- EXERCISE DATA
•••••

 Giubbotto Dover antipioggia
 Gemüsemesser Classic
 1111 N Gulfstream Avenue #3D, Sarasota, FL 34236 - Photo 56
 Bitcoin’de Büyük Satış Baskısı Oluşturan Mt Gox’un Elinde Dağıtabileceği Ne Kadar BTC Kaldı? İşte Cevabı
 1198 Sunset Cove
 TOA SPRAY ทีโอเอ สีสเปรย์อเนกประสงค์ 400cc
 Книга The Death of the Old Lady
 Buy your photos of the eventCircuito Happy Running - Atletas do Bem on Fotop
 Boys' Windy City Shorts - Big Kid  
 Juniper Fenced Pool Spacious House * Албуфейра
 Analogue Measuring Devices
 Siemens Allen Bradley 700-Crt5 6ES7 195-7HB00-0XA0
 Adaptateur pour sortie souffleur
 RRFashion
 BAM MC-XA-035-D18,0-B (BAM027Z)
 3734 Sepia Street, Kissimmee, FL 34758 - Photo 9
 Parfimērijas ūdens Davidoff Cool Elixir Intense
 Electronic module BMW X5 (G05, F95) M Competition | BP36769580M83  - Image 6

•••••

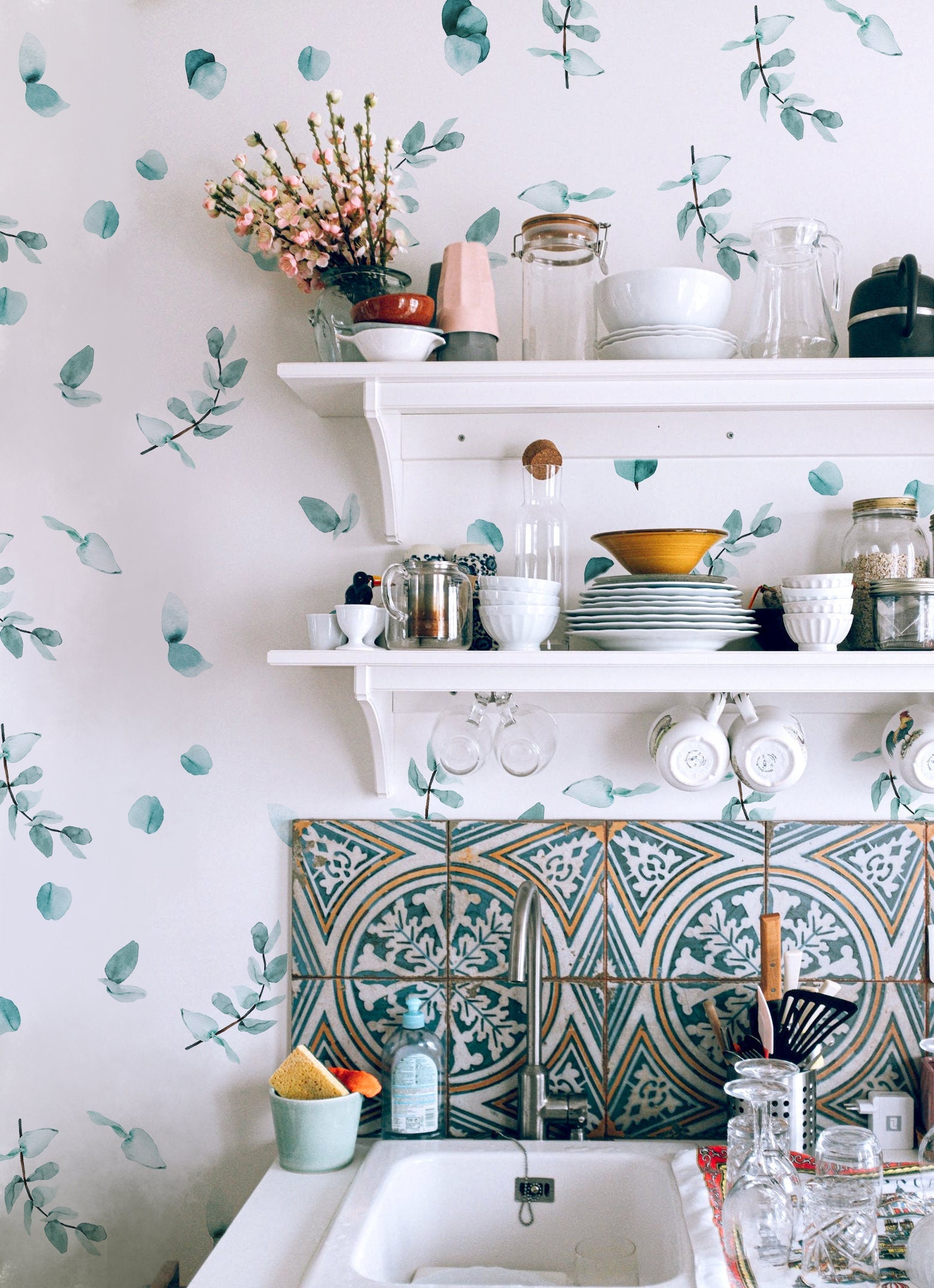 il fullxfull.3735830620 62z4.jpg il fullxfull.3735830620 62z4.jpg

•••••

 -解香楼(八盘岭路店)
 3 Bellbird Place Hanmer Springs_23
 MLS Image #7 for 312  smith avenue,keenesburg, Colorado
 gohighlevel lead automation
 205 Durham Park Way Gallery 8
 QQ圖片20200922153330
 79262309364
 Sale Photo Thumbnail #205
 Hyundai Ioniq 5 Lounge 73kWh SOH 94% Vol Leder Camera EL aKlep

•••••

- EXERCISE REQUIREMENTS
Exact duplication is required for the lines above, from the line that contains "Siemens Allen Bradley" to the line that contains "Electronic module BMW", inclusive; omit all others.

- YOUR SOLUTION
 Siemens Allen Bradley 700-Crt5 6ES7 195-7HB00-0XA0
 Adaptateur pour sortie souffleur
 RRFashion
 BAM MC-XA-035-D18,0-B (BAM027Z)
 3734 Sepia Street, Kissimmee, FL 34758 - Photo 9
 Parfimērijas ūdens Davidoff Cool Elixir Intense
 Electronic module BMW X5 (G05, F95) M Competition | BP36769580M83  - Image 6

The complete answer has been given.